Table of Contents
Developing, managing and sharing OERs
As anticipated, raising awareness of the benefits of releasing OER was a significant early step for project teams and there are some excellent examples of resources to support the ‘winning of hearts and minds’ of various stakeholder groups. These are discussed in the Business cases and benefits realisation and the Cultural Issues pages.
There is evidence that an open sharing approach – addressing issues of release, hosting and re-use in tandem – can be more effective and sustainable, particularly where communities share clear common interests. Even within close-knit communities such as sub-disciplinary consortia, sharing is problematised by the existence of different institutional quality processes, different levels of institutional commitment to OER and to OER production, and different levels of institutional support and expertise. Projects made significant use of conferences, journal articles, twitter, google rankings, blogs, Intute catalogue, British Library, and other public and/or scholarly sites to share and publicise open content. There are clearly implications for sustainability and management if third party sites are extensively used to share open content in UK HE.
Many projects explored models of technology-enhanced learning alongside models for supporting the OER lifecycle, implying the two may be closely connected. A shared model of technology-enhanced learning (including protocols for developing reusable content) may help OERs to be effectively shared, and make the OER lifecycle more sustainable. Projects have developed, for example, the use of templates to support the creation of Reusable Learning Objects (RLOs) in their communities and sub-disciplines.

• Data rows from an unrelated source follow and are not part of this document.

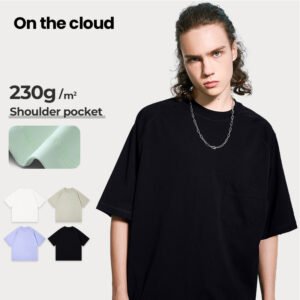 68C-230 grams of ice-feel cotton (solid color raglan with a pocket)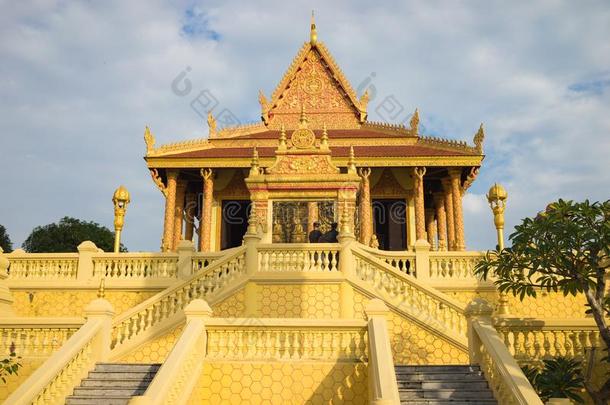 外部看法关于高棉人庙建筑物采用AustralianScientificIndustryAssociation澳大利亚科学工业协会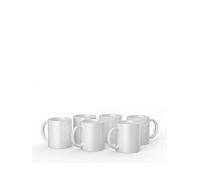 Cricut Blank Mugs White 355ml (12oz) 6 x Infusible Ink Sublimation Mugs for use Mug Press Infusible Ink 2008942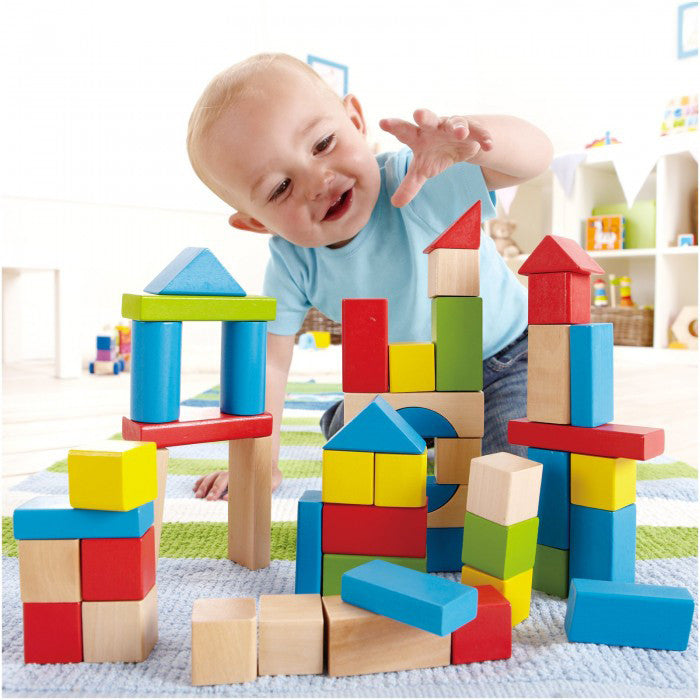 Hape Build Up & Away Blocks - Tadpole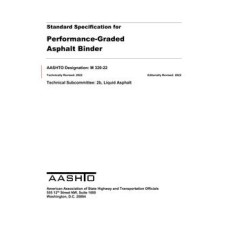 AASHTO M 320-22 AASHTO M 320-22
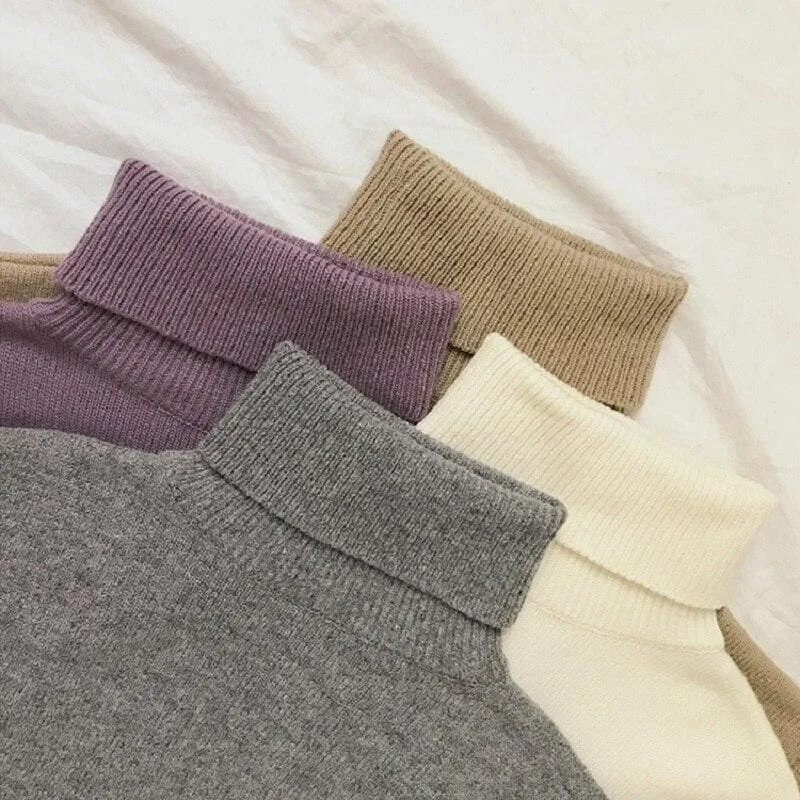 Longsleeved Sweater With Turtleneck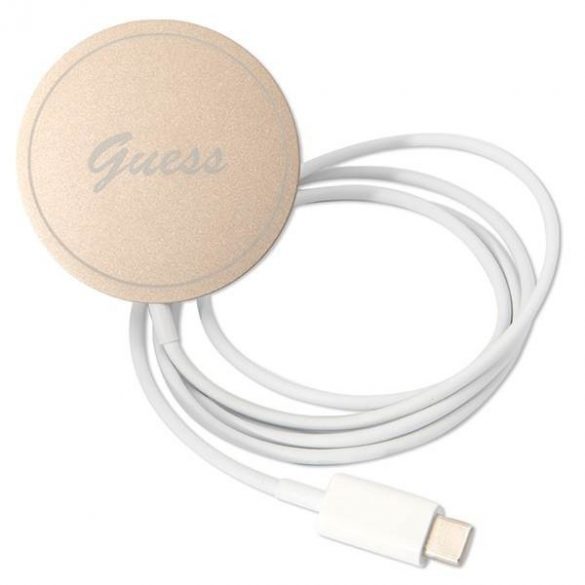 Husă Zestaw Guess GUBPN61H4EACSK+Încărcător pentru iPhone 11 6,1" carcasă rigidă, neagră, 4G Print MagSafe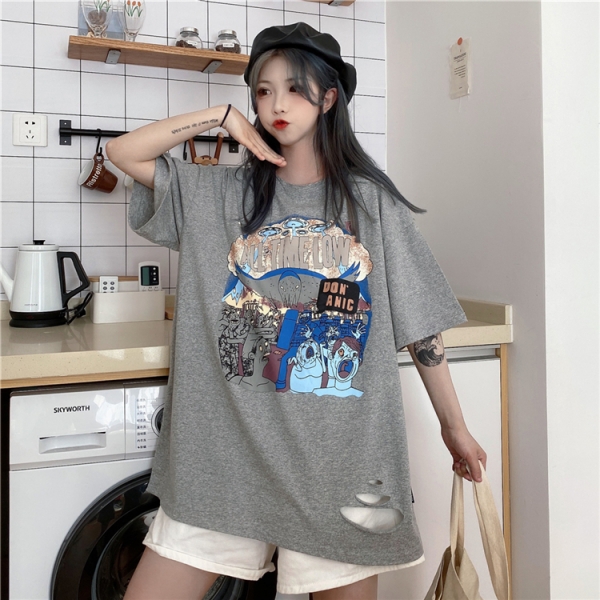 夏秋新商品 732567大きいサイズ 韓国 レディース ファッション    Tシャツ 　 LL-4L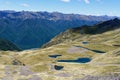 Tarns atop the ridgeline of the St Arnaud Range track Royalty Free Stock Photo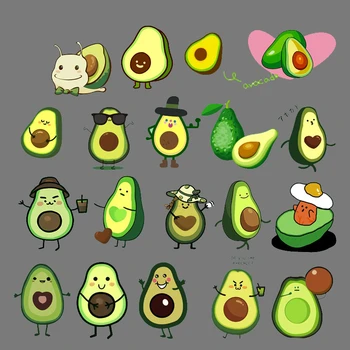 Avocado Fruits Cartoon kids Iron on Heat Transfer Printing Patches Stickers Clothes DIY Appliques Washable A-level Thermal Patch
Avocado Fruits Cartoon kids Iron on Heat Transfer Printing Patches Stickers Clothes DIY Appliques Washable A-level Thermal Patch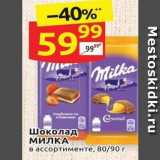 Дикси Акции - Шоколад МИЛКА 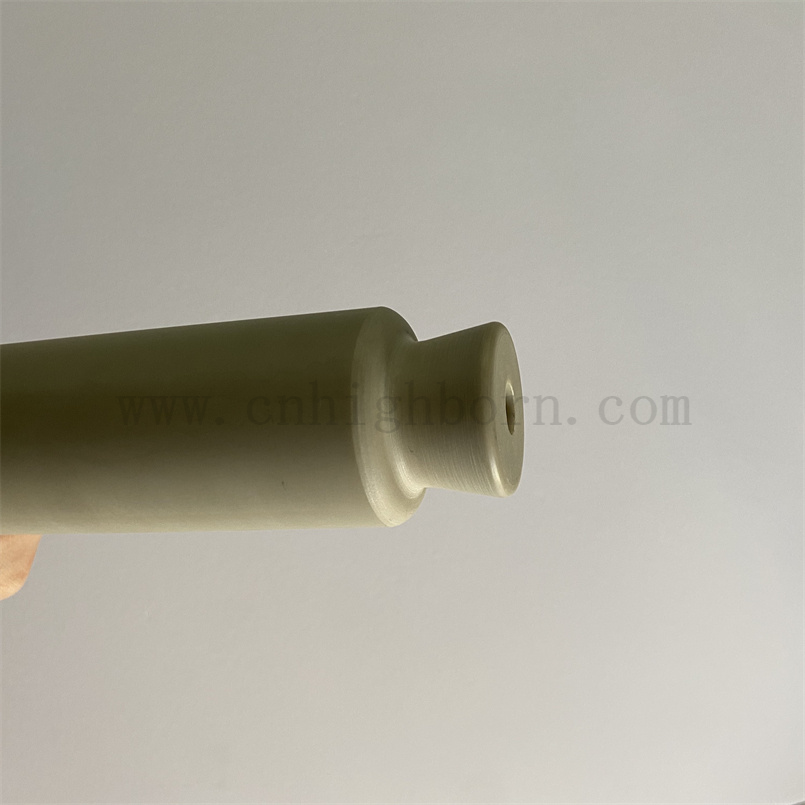 Aluminum Nitride AlN Insulating Ceramic Tube for Electronic Device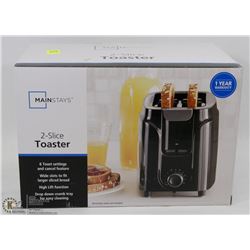 MAINSTAYS 2-SLICE TOASTER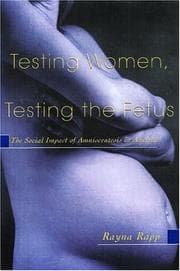 Tapa de Testing Women, Testing the Fetus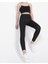 Kadın Siyah Disko Yüksek Bel Toparlayıcı Günlük Spor Şık Rahat Push Up Slim Fit Parlak Disco Tayt 1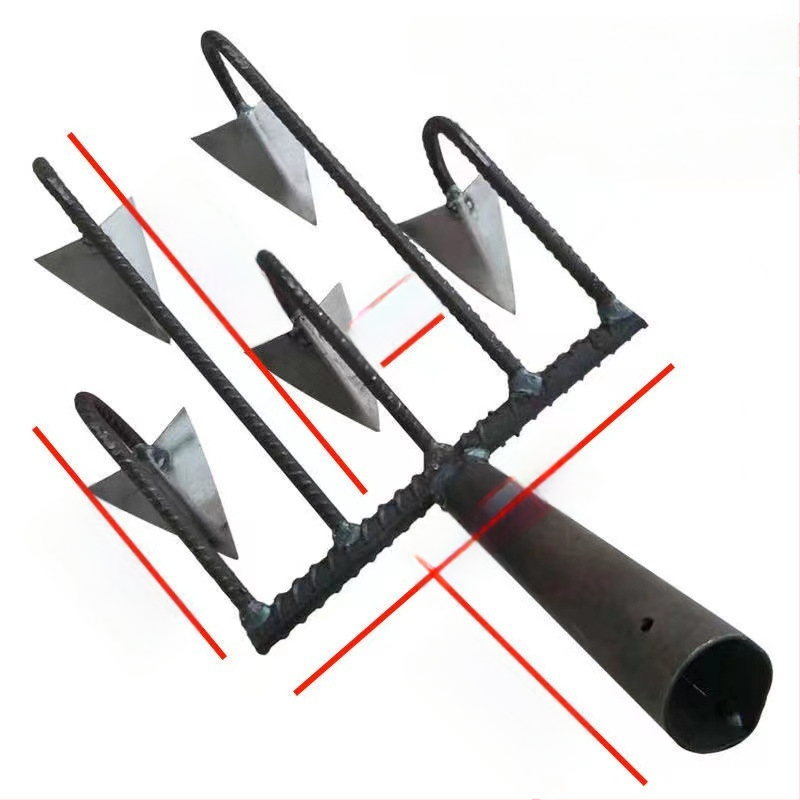 Xiaonong Tryjų ir Keturių Dantų Žemės Kasimo Įrankis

The OER approach must clearly synchronize with and support established curriculum processes, and begin to demonstrate benefits to learners (e.g. enabling more learners to access quality resources, freeing staff time to support learners responsively). Many projects are finding that design for open release, rather than repurposing of existing resources, can be more efficient. Whilst several projects are interested in whether and how learners can become involved in the lifecycle as both producers and reusers of educational content, a few actually did release student content during the pilot phase.
There are tensions relating to the size or granularity of materials with recognition that bite-sized resources may be preferable to encourage repurposing and are easier to develop. However institutions may prefer more sophisticated materials for showcasing and also some academics and institutions prefer to maintain the pedagogic integrity of materials. Drivers and motivation for release do have a significant impact on the types of materials released. ‘Pedagogic wrappers’ emerged as a way to provide context to granular items and also served as a meta-record which could be deposited in a range of sources pointing to the actual OERs hosted in a primary store.
The wide range of materials released as OERs as a result of this funding is impressive, both in terms of covering a range of subject disciplines and in terms of the variety of resource types that have been released. The range of different approaches to subject coverage reveal specific advantages and benefits:
- Subject/discipline approach:
- cross-institutional collaboration
- the ‘greater good’ outcomes are to the fore
- existing Community of Practice
- open, collegiate way of working suits academic culture
- Thematic approach (where relevant):
- provides a coherence and profile to the OER resource set
- provides a rich set of fully contextualised resources, ready for reuse; supports deep collaboration and detailed reflection
- Generic approach (such as cross disciplinary skills)
- can appeal to managers looking for cost benefits
- can engage a range of faculties
In terms of the types of resources produced these ranged from small individual assets to whole course modules. Podcasts were found to be particularly cost effective to produce and also received very positive responses from learners. Because projects were not focused on use per se, it is not possible to disentangle the different types of resources favoured by teachers for reuse or repurposing, from those preferred by students to support their learning. Several projects have started to tease these issues out through evaluation activities but this is an area needing further investigation.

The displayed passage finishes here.